The judge has extended the time of Corporate Insolvency Resolution Process (CIRP) of Lanco by 16 days for this purpose.
Hearing a bunch of interim applications earlier in the day, judge Ratakonda Murali announced that he would exclude certain days from the expired 270-day period in order to grant additional time to the CoC to take a view on the modified resolution plan.
“Here is a case where only one Resolution Plan was found to be in conformity with the provisions of the Code and CIRP Regulations…Though it was rejected, yet, Resolution Applicant/TEPL re-submitted the plan to the resolution professional (RP) for placing before the CoC. However, CoC could not take a decision either way on the revised resolution plan due to lack of sufficient time. Therefore, it is a fit case to exclude the period during which the Resolution Plan was being submitted from time to time,” the judge stated in a written order uploaded on the NCLT website later in the day.
The practice of exclusion of a particular duration in order to give more time for CIRP beyond 270 days has been adopted by the NCLT benches on various valid grounds. In this case the judge excluded the time taken between submission of the original proposal and subsequent clarifications furnished by the applicant to allow the CoC to examine the revised plan.
It may be recalled that the CoC had refused to examine a revised resolution plan submitted on May 3 by Thriveni Earth Movers, stating that it wasn’t given sufficient time to look at the proposal. As the matter was referred back to the NCLT by the RP and was pending before the Hyderabad bench ever since, the process of Lanco’s insolvency resolution remained just where it was two months ago.

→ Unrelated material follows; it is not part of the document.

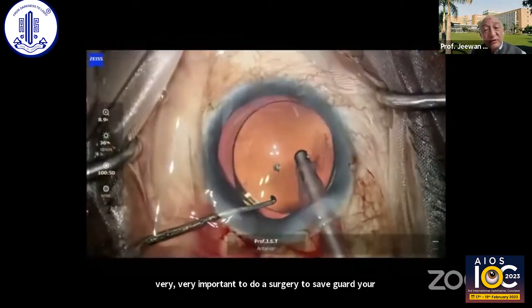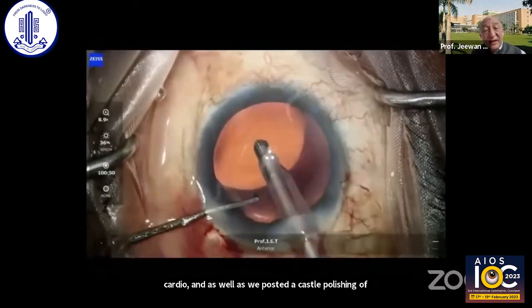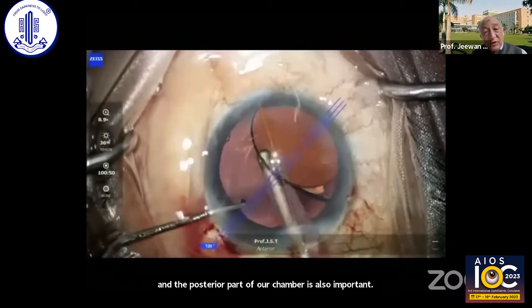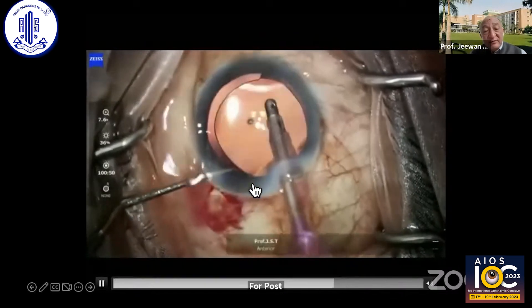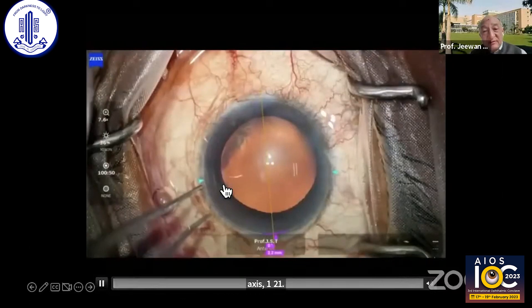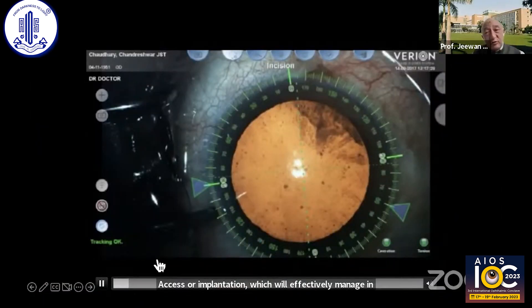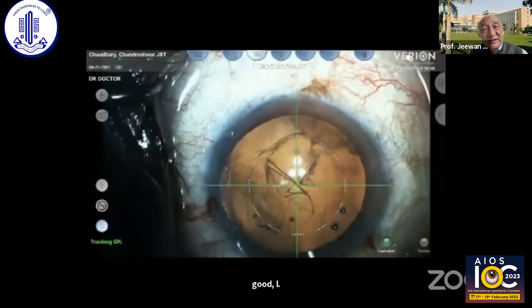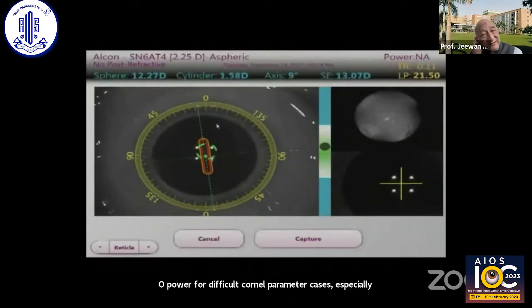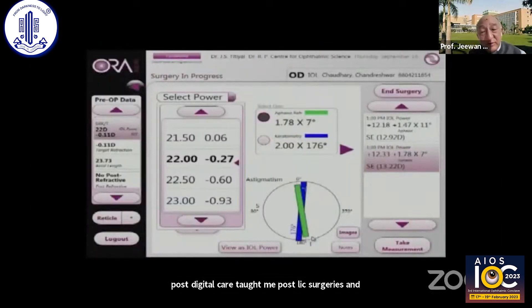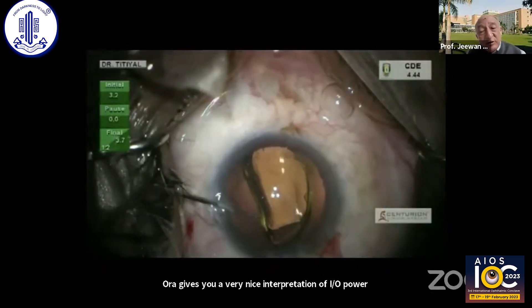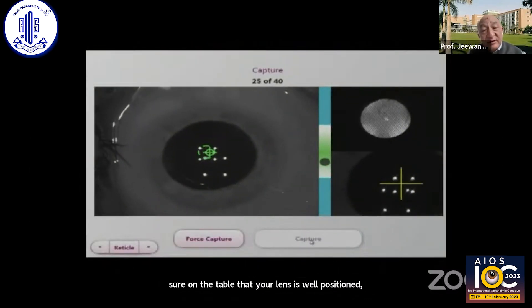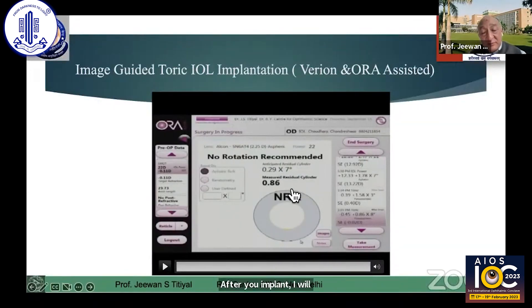It is very, very important to do surgery to safeguard your cornea as well as the posterior capsule. Polishing of the anterior and posterior capsules is important. A complete removal of viscoelastic from anterior and posterior part of the chamber is also important just underneath the IOL, because retained viscoelastic may be the cause for post-op rotation of the IOL. You can see this is the axis 121 implantation, which will effectively manage in these cases. But in difficult cases, if you have access to an optiwave refractive analysis — ORA — that can also be a good guide for getting a good IOL power for difficult corneal parametric cases, especially post-radial keratotomy, post-LASIK surgeries, and post-keratoplasty. Sometimes ORA gives you a very nice interpretation of IOL power. And after implantation, you can actually make sure on the table that your lens is well positioned and no rotation is required, and it gives you the right correction after you implant the IOL also.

“As a result, Application is allowed by excluding 16 days for the purpose of counting period of CIRP and thereby allowing the RP/CoC with immediate effect from today to complete the CIRP and further direct the resolution professional to place the revised resolution plan filed by TEPL before the CoC… it is directed to take appropriate decision on the revised plan within the period allowed. The resolution professional is to discharge his functions as usual during this period,” the judge said while setting the ball rolling once again in Lanco insolvency resolution case.

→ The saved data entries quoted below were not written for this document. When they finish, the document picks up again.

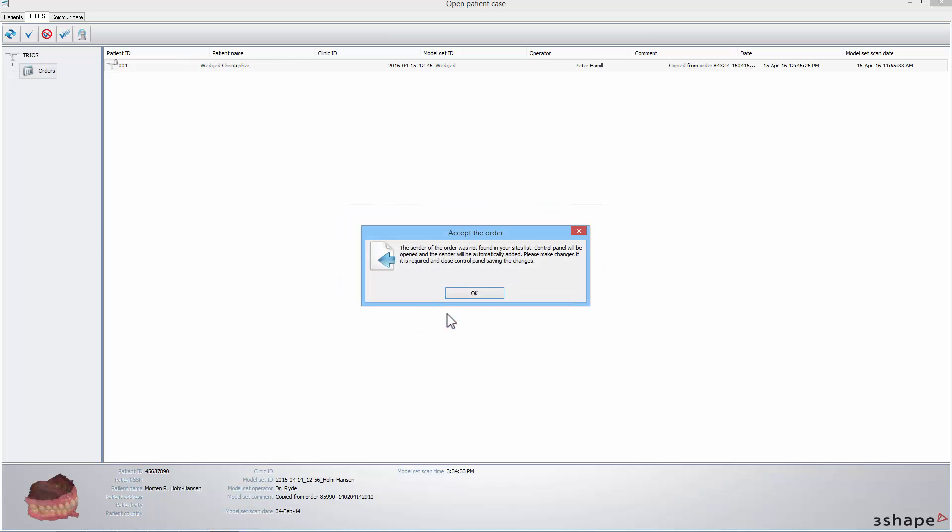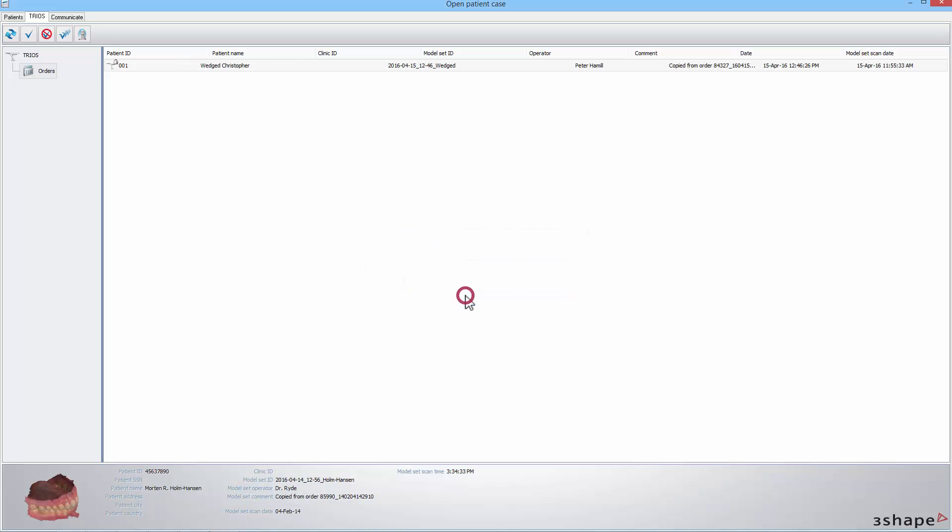In our video, the informing window will show up. It informs the user that the site that has sent the accepted order hasn't been added to the Sites list in the control panel. When you click OK, the Sites page will open.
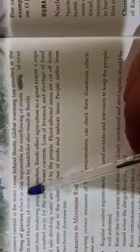Excessive rainfall is the main cause behind floods. This global warming has resulted in the melting of glaciers, which is also responsible for overflowing of rivers. This global warming, the temperature of the earth is rising and due to which the glaciers are melting. And when the glaciers melt, the water comes to the river.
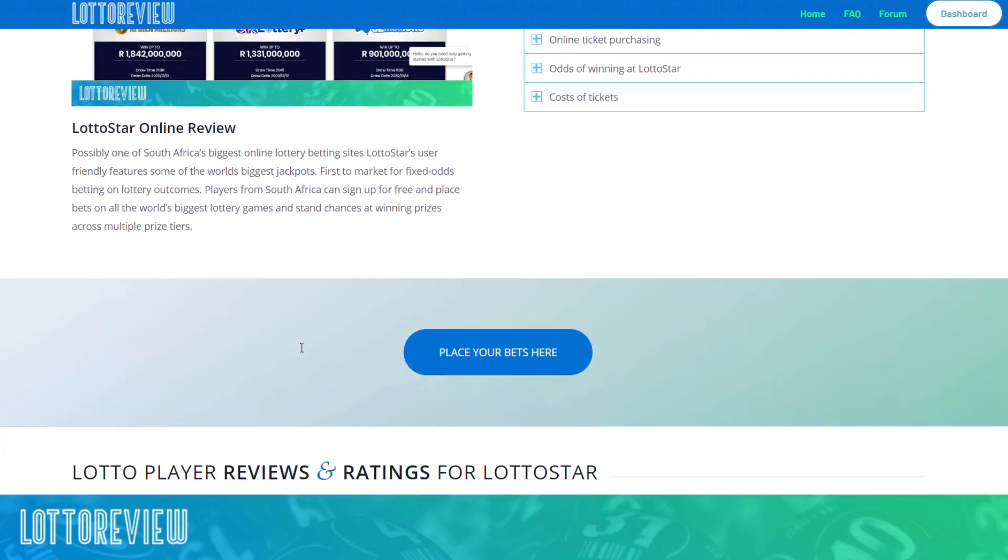But yeah, that's it. So welcome to Lotto Review. Go register your account and we'll see you in the forums. Cheers.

Stating that he would be issuing a detailed order in favour of the extension and see how the CoC would respond, the judge also asked the counsel of Vijayawada-based Power Mech Projects, which came forward to propose its own resolution plan to the CoC at this stage, to present his arguments on extension of time for CIRP again in the next hearing.
On July 6, Power Mech’s counsel argued that the changes brought in by the Government through a recent Ordinance on Insolvency and Bankruptcy Code (IBC) has revisited the question of who is and who is not eligible to submit a resolution plan in a particular insolvency case and this will provide a scope for the others to reenter the Lanco insolvency resolution process. Interestingly Power Mech had sought an extension of time of 166 days to enable the RP to redo the whole process.
In June 2017 IDBI had taken Lanco Infratech, the holding company of a large power and infrastructure group comprising of dozens of subsidiaries sitting on a combined debt of Rs 500 billion, to NCLT under section 7 of IBC, 2016. Lanco had figured in the first list of a dozen large corporate defaulters that the RBI wanted the banks to initiate an early resolution.